START Records shown

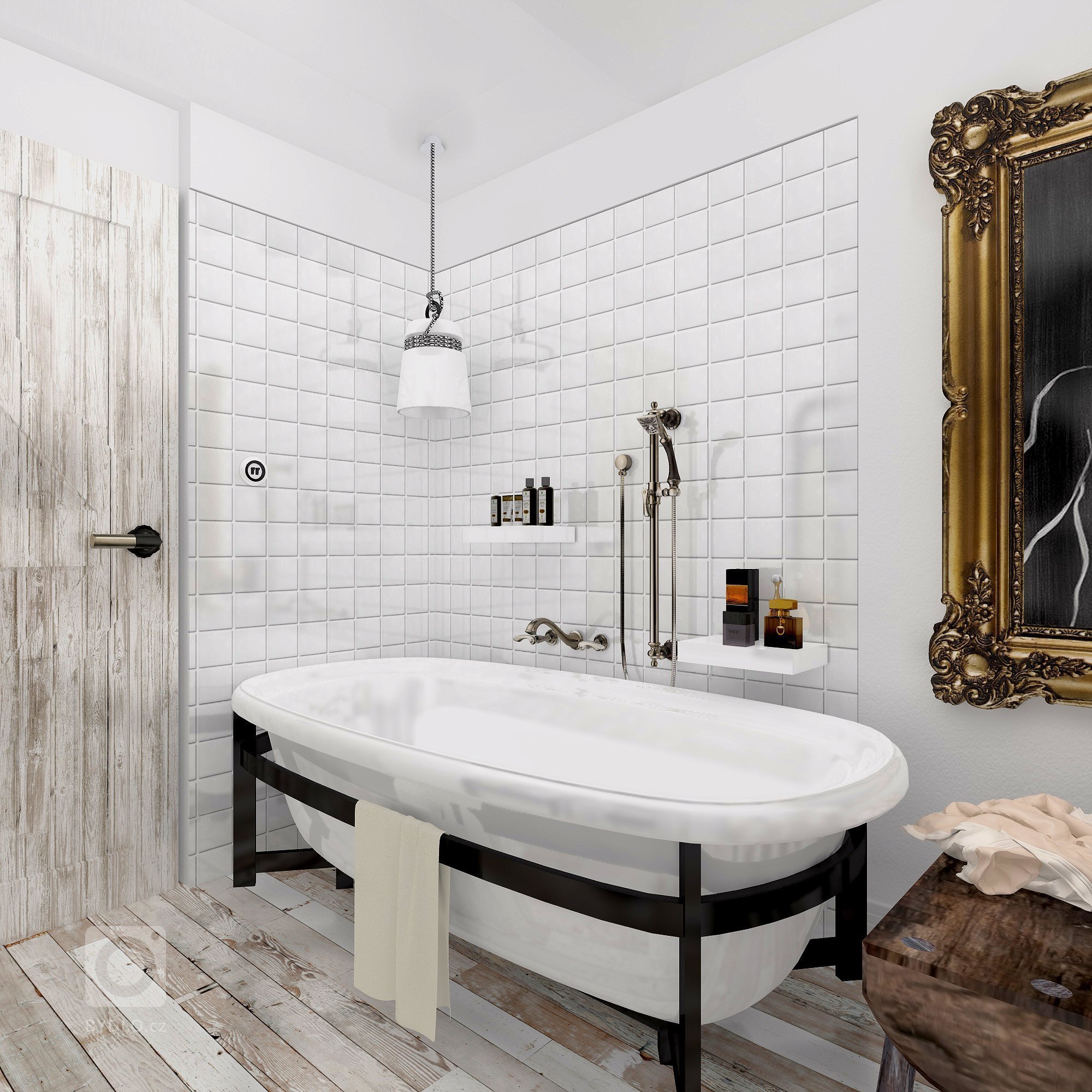 Koupelna do vesnického stavení s dotekem Provence či první republiky, takové bylo zadání investora.&nbsp;

Proto dvě tváře jednoho prostoru, kde v každém z…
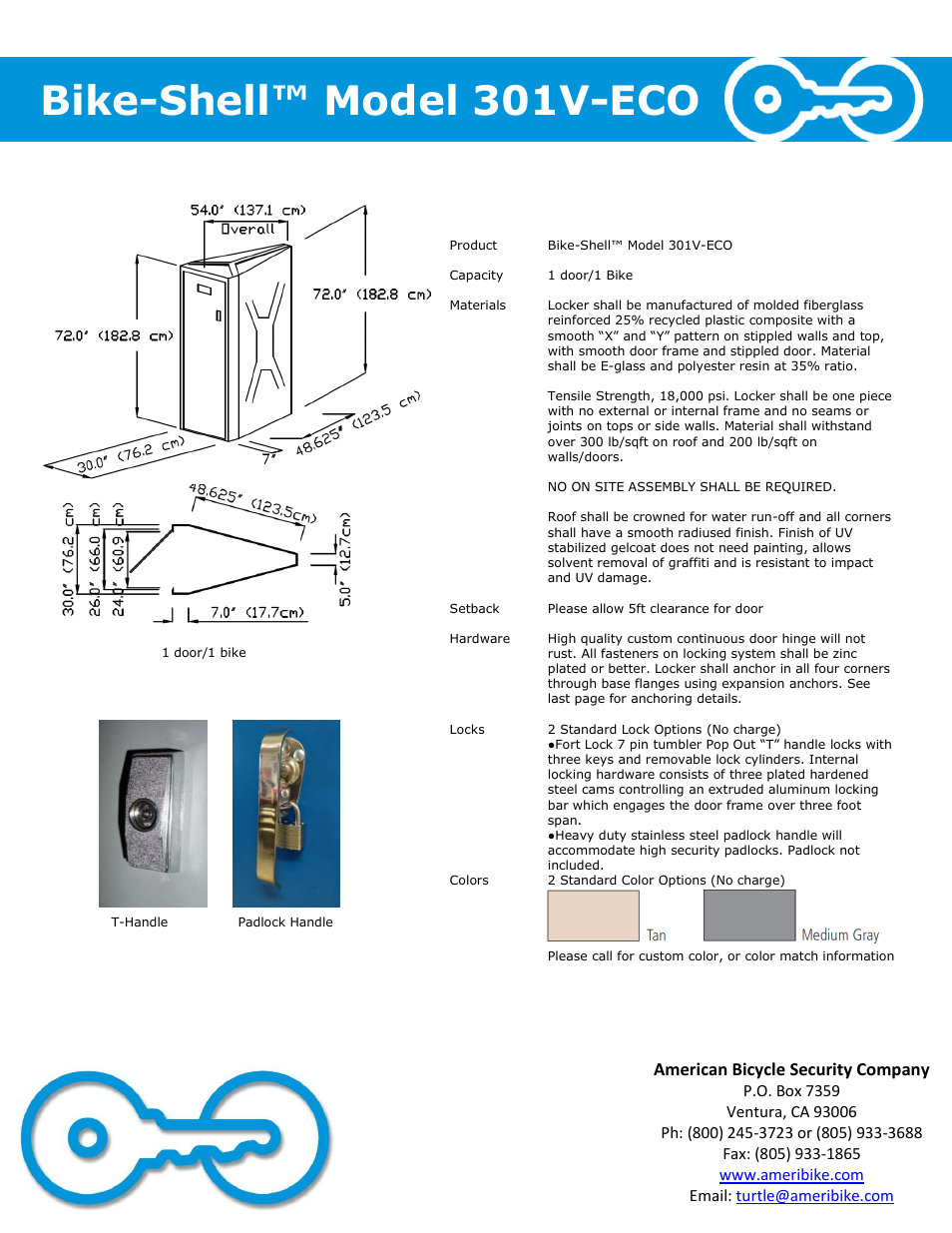 Bike-shell™ model 301v-eco, American bicycle security company | American Bicycle Security Company 301V-ECO User Manual | Page 2 / 4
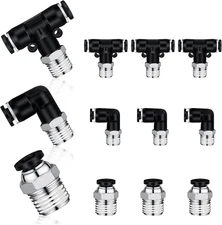 12 Pcs Push to Connect Fittings 1/4 Inch Tube OD X 1/4 NPT Air Line Pneumatic 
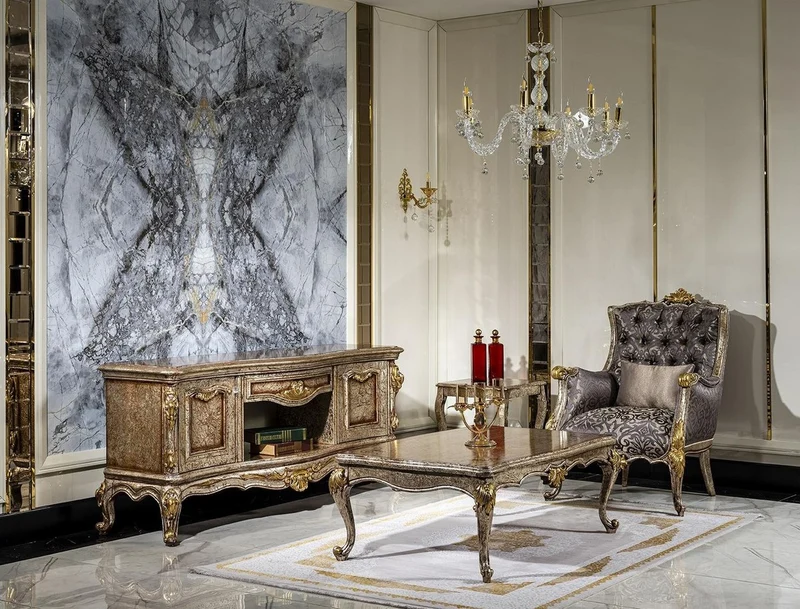 Casa Padrino Luxus Barock TV Schrank Antik Silber / Braun / Gold - Prunkvolles Wohnzimmer Sideboard mit 2 Türen und Schublade - Barock Wohnzimmer Möbel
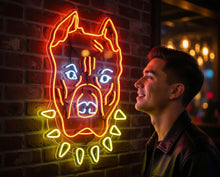 Load image into Gallery viewer, American Pitbull Terrier Face Neon sign, Dog Pets Neon Sign, Dog Neon Sign, Neon bulldog sign, Pitbull neon light, Custom dog neon light
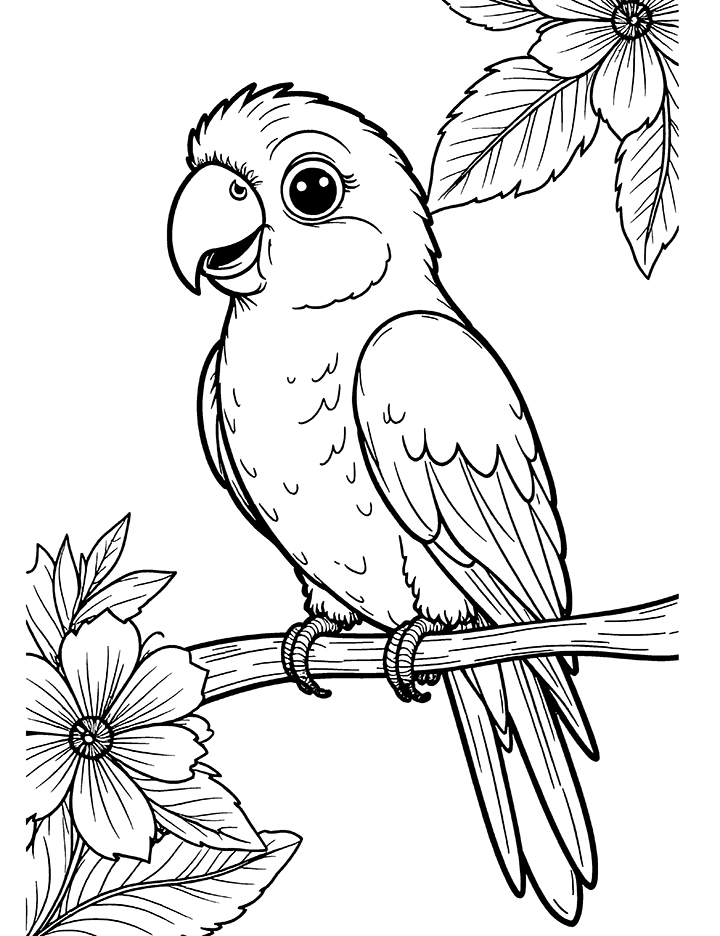 Parrot with tropical flowers coloring page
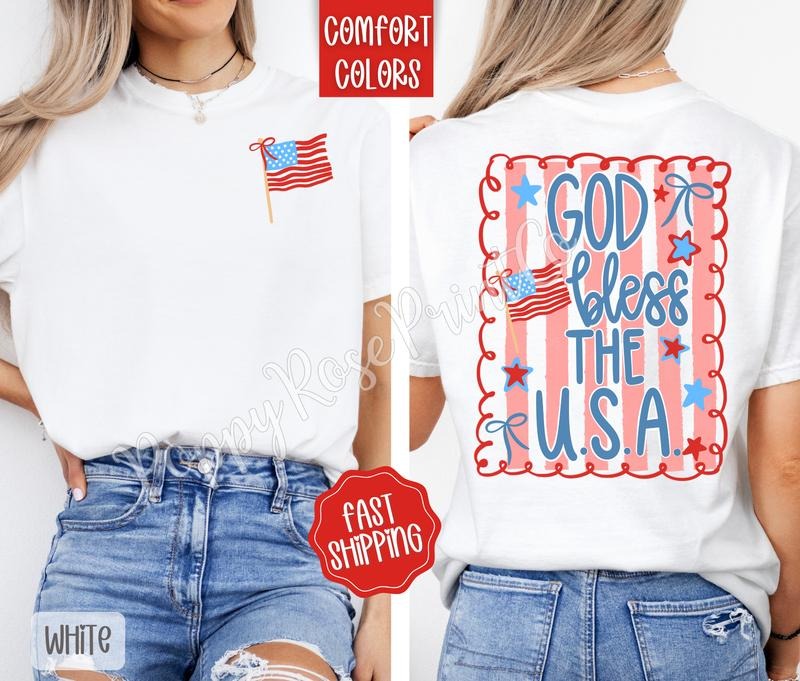 God Bless the USA Shirt Comfort Colors, Cute Patriotic Women's Tee, Trendy Summer Tshirt, Gift for Her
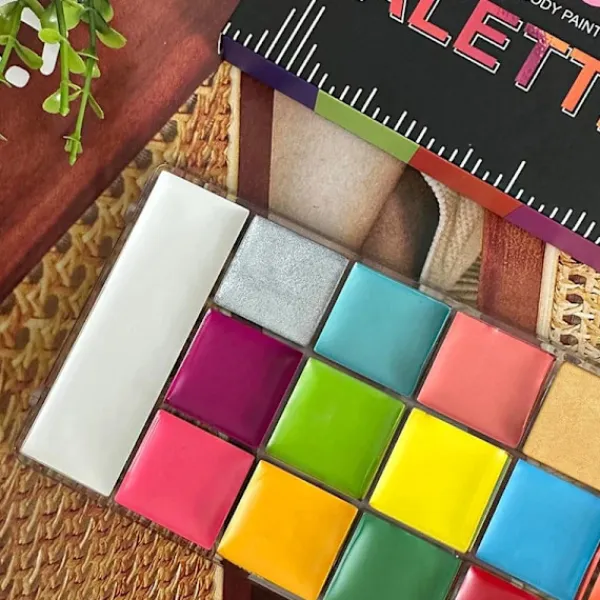 Ansikte Kropp Färg Palett Olje Smink Set 20 Färger SFX Halloween Fest Målning med 10 st Konstnär Paintbrushes> Smink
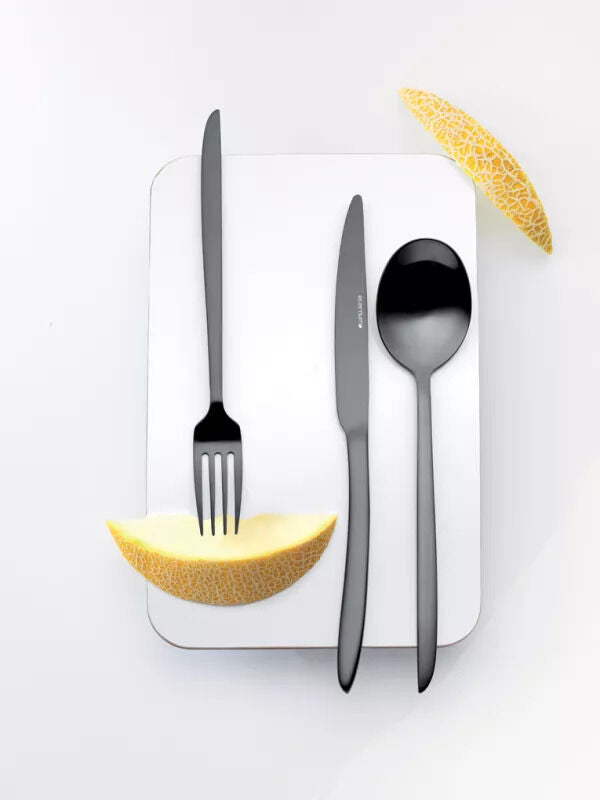 Orca Matt Black Dessert Spoon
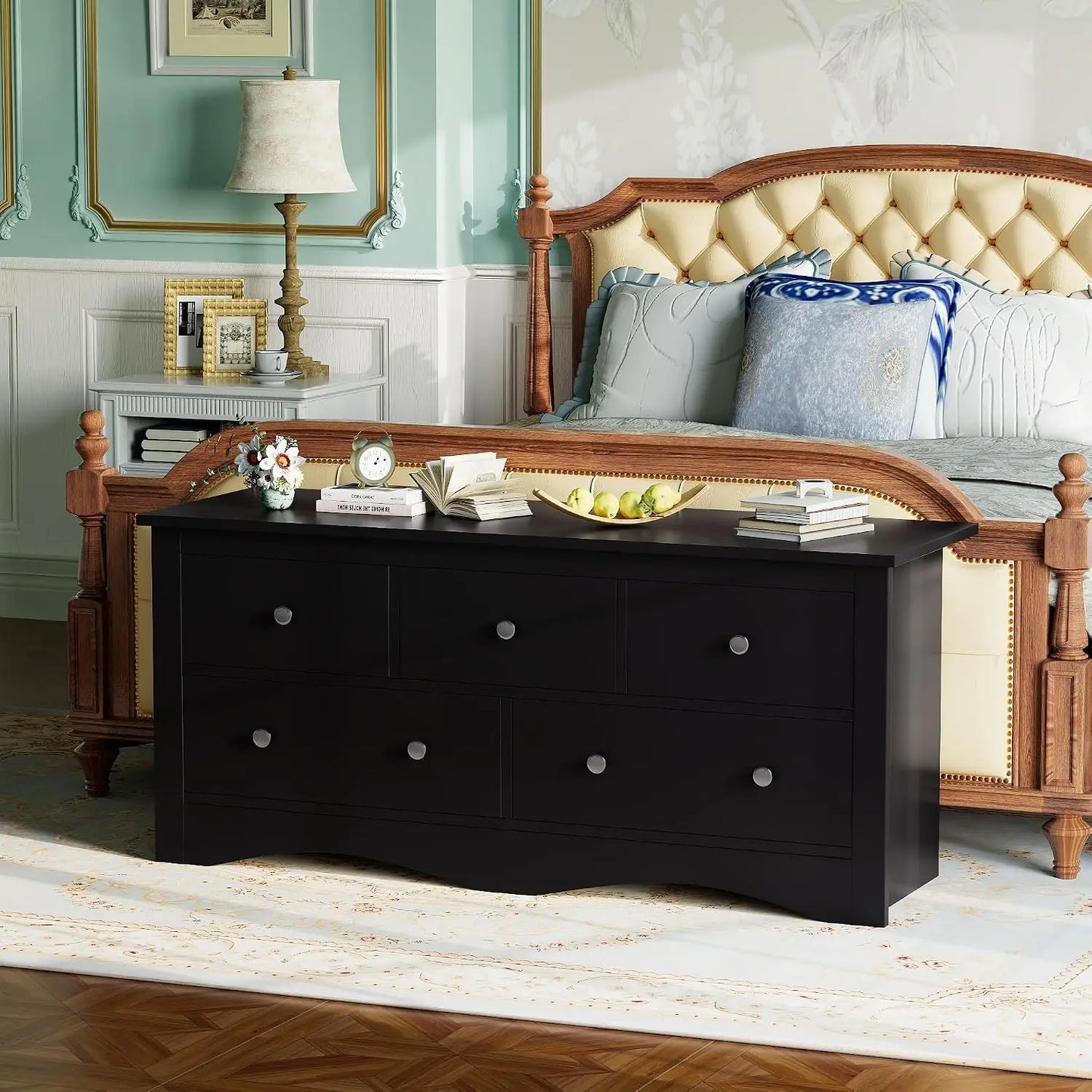 Five Drawer Wood Dresser And Media Storage Console Table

END Records shown

The problem →
With the pictures left out, write out exactly the lines above from the one containing "Proto dvě tváře" through the one containing "12 Pcs Push".

Exercise answer →
Proto dvě tváře jednoho prostoru, kde v každém z…
 Bike-shell™ model 301v-eco, American bicycle security company | American Bicycle Security Company 301V-ECO User Manual | Page 2 / 4
 12 Pcs Push to Connect Fittings 1/4 Inch Tube OD X 1/4 NPT Air Line Pneumatic 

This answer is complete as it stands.